◆ **SUPPLIED MATERIAL**
== Segment start ==

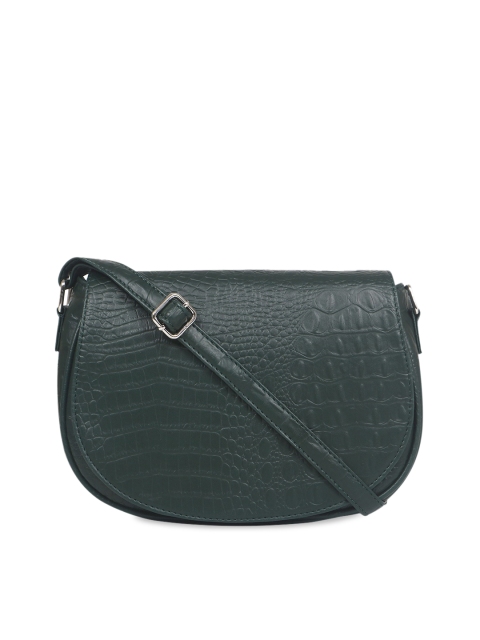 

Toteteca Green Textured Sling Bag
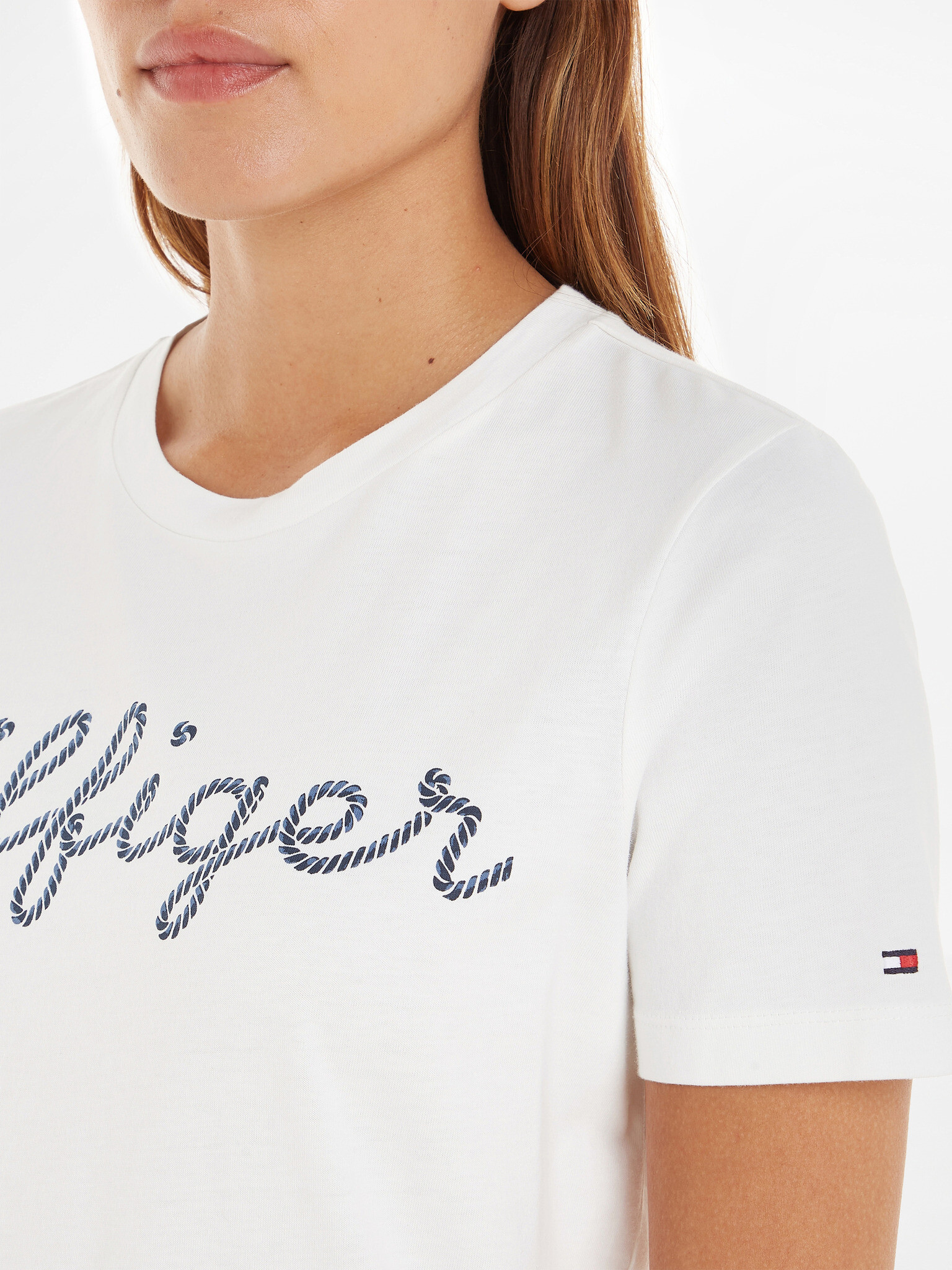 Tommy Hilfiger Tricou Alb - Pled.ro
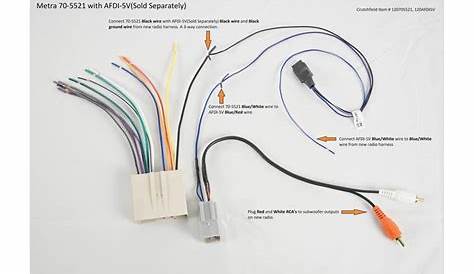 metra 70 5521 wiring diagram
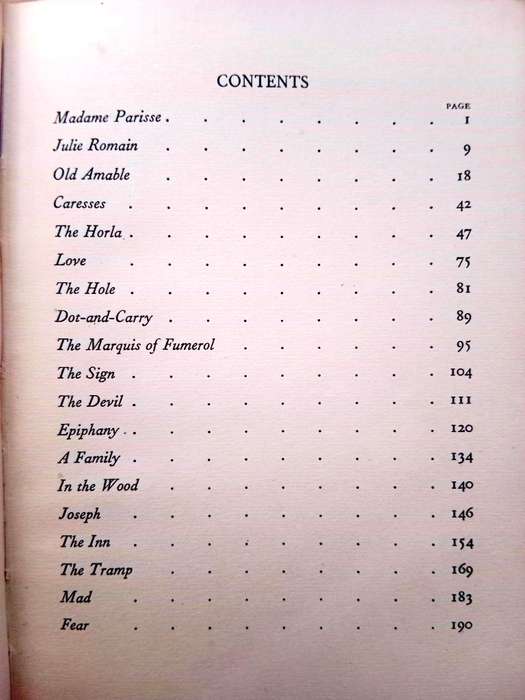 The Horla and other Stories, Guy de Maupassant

== Segment end ==

◆ **EXERCISE REQUIREMENTS**
Could you return the whole listing exactly, with every picture removed?

◆ **TASK SOLUTION**
Toteteca Green Textured Sling Bag
 Tommy Hilfiger Tricou Alb - Pled.ro
 metra 70 5521 wiring diagram
 The Horla and other Stories, Guy de Maupassant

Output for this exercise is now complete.